### WORK INSTRUCTIONS
In the records below, find the line containing "Zingoetrie Wooden Coat" and the line containing "Robe évasée manches longues vert kaki femme". Give again exactly those lines and every line between them, omitting the pictures.

### SUPPLIED RECORDS
*** Begin section ***
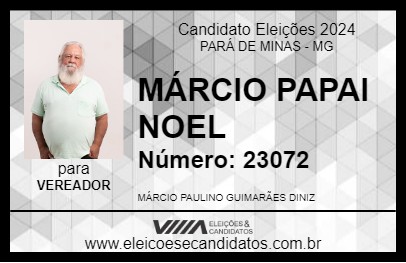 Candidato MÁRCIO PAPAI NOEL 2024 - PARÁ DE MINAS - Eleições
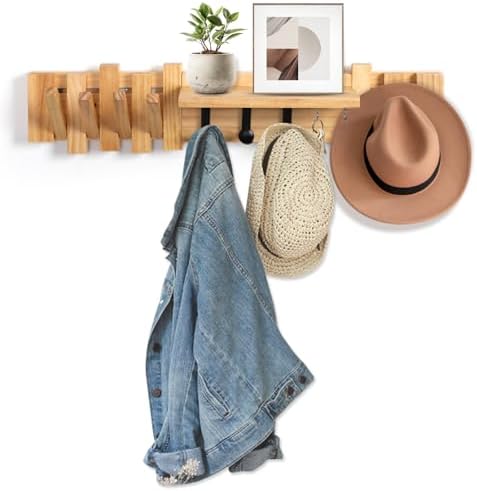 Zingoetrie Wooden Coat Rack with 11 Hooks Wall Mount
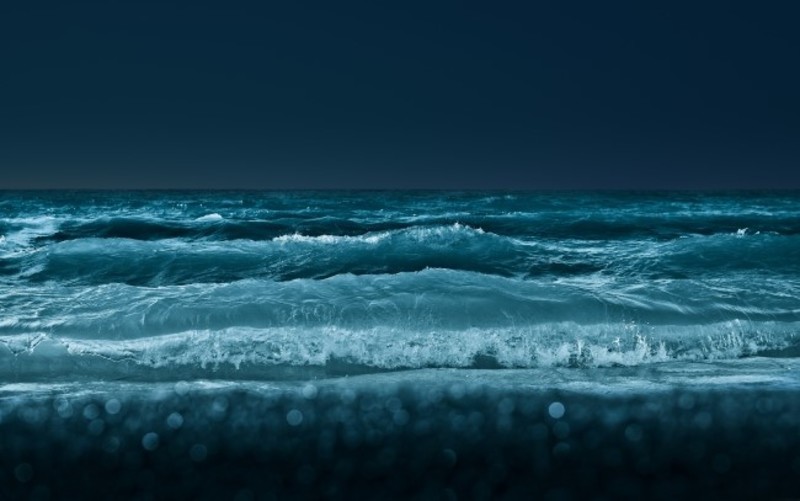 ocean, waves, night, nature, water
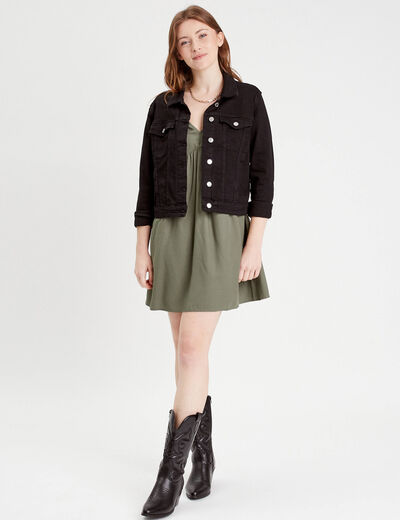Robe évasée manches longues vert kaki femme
*** End section ***
*** Begin section ***
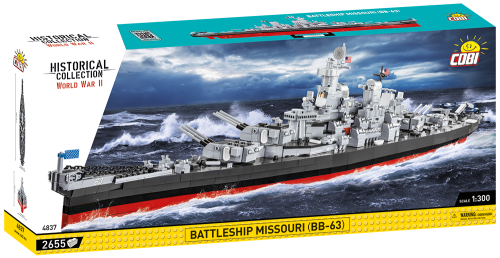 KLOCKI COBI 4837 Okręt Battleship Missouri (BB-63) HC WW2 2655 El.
*** End section ***
*** Begin section ***
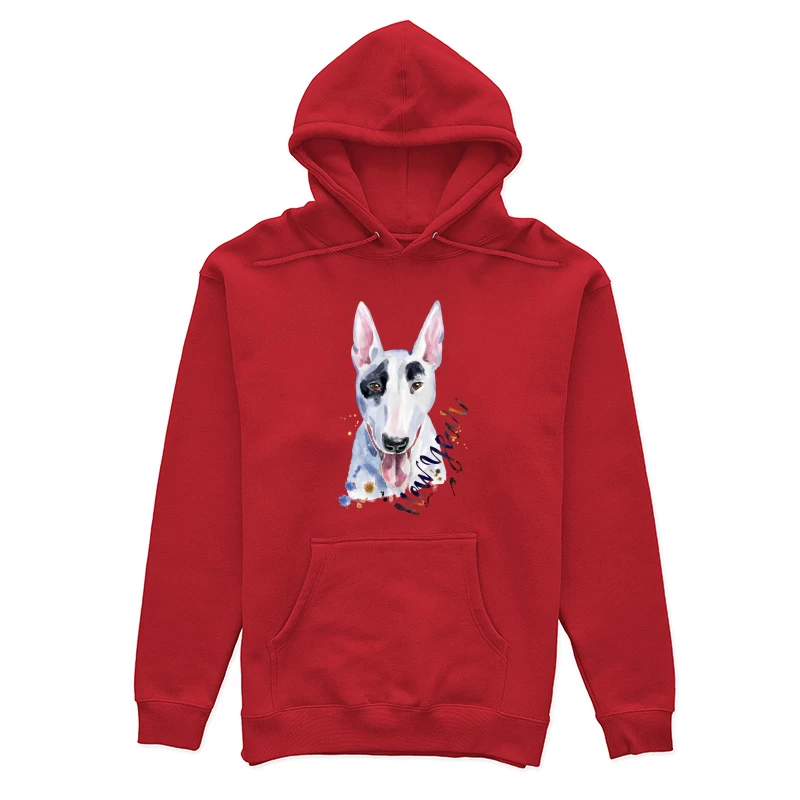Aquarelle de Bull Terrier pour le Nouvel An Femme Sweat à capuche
*** End section ***
### WORKED SOLUTION
 Zingoetrie Wooden Coat Rack with 11 Hooks Wall Mount
 ocean, waves, night, nature, water
Robe évasée manches longues vert kaki femme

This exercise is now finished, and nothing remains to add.